Get out your magnifying glass, detective. You might be well-versed in how to care for your pool, but you can’t turn water to milk—and you wouldn’t want to, anyway. So when you notice that your pool is looking more creamy than clear—just when you’re ready to dive in, no less—it can be pretty confusing. But don’t worry, it’s a common problem among pool owners. And though it does indicate that something is off with your greater circulation system, it’s fairly easy to diagnose the issue and get back on track. In this article, I’ll explain why a cloudy pool is not a problem to be overlooked, explain why it might’ve happened, and most importantly, how to fix it—and fast, too.
So My Pool’s Cloudy. Does It Even Matter?
Uh, yes. It absolutely does matter that your pool is cloudy. And though you might be tempted to, I would urge you not to add some pool flocculent or pool water clarifier and consider the task done. These will only perpetuate the problem, since they treat the cloudiness and not the actual underlying cause of that milky water.

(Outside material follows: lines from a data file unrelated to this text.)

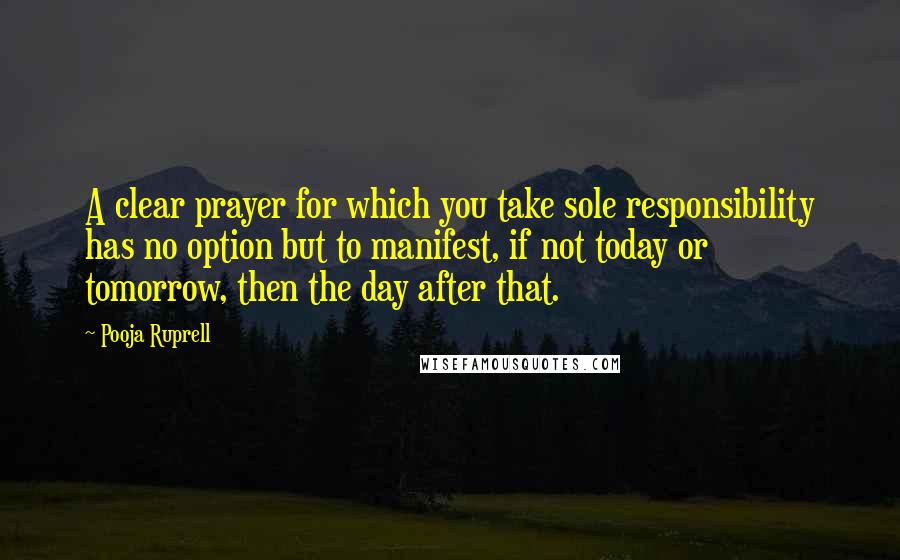 Pooja Ruprell Quotes: A clear prayer for which you take sole responsibility has no option but to manifest, if not today or tomorrow, then the day after that.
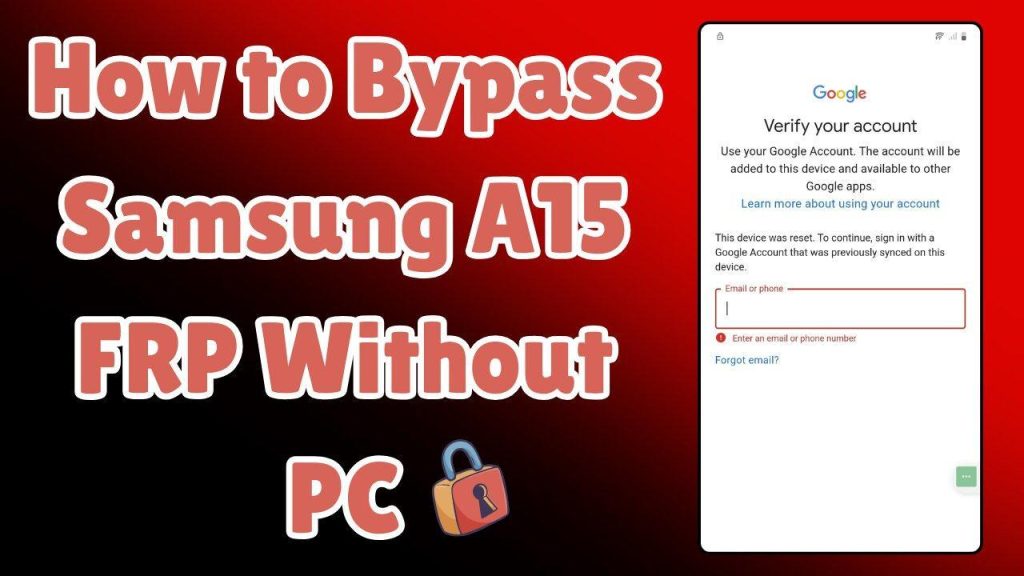 Image 1 of Samsung A15 FRP Bypass Without PC: What to Expect and How to Do It Responsibly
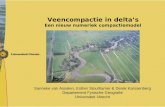 Veencompactie in delta’s Een nieuw numeriek compactiemodel Sanneke van Asselen, Esther Stouthamer & Derek Karssenberg Departement Fysische Geografie Universiteit.
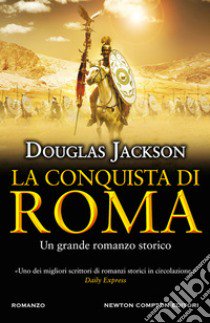 La conquista di Roma libro di Jackson Douglas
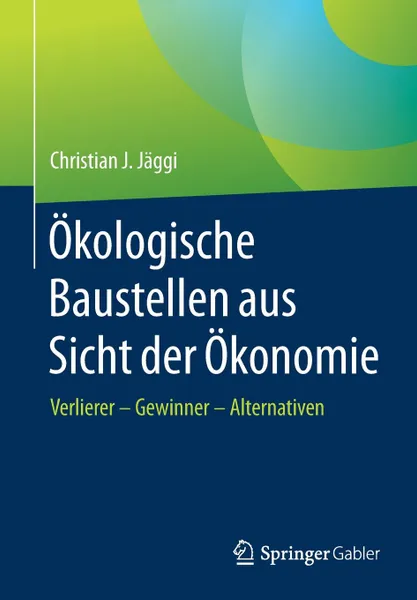 Обложка книги Okologische Baustellen aus Sicht der Okonomie. Verlierer - Gewinner - Alternativen, Christian J. Jäggi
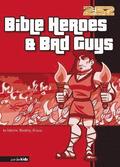 Bible Heroes and Bad Guys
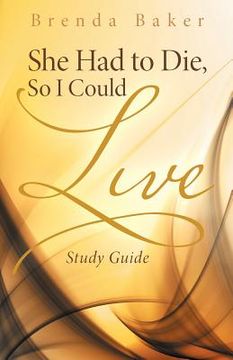 portada She Had to Die, So I Could Live: Study Guide (en Inglés)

In most cases, a cloudy pool indicates that your chemical balance is way off—and that means that the gunk your pool filter is supposed to weed out and/or the potentially harmful bacteria that your sanitizer is supposed to neutralize (whether that’s adding chlorine to your pool or using a salt generator) is largely living unchecked. And that’s surrounding you and yours on every swim. Not only is it gross, but it’s also potentially harmful. The last thing you want is to get sick from your pool. Are you with me now?
But Why is My Pool Water Cloudy in the First Place?

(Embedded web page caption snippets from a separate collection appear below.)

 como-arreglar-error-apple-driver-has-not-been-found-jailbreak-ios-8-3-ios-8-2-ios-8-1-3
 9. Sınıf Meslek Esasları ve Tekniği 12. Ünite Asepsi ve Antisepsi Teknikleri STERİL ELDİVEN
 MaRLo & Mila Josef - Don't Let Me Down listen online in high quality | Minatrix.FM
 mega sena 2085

I know, it’s tempting to fix the problem and move on. But if you don’t determine the cause of cloudy water, it will strike again and again. Here are the potential culprits—and keep in mind that you’ll want to stay on top of these moving forward.
Debris & Algae Invading Your Pool
Those floating leaves are known to be annoying and even deterring for swimmers, but you don’t want to skim them out only when you’re about to cannonball. They actually make your sanitizer work much, much harder—and if they’re focused on the impossible task of breaking down a solid leaf, there’s a lot of smaller, more ill-willed bacteria that will be allow to float around undisturbed.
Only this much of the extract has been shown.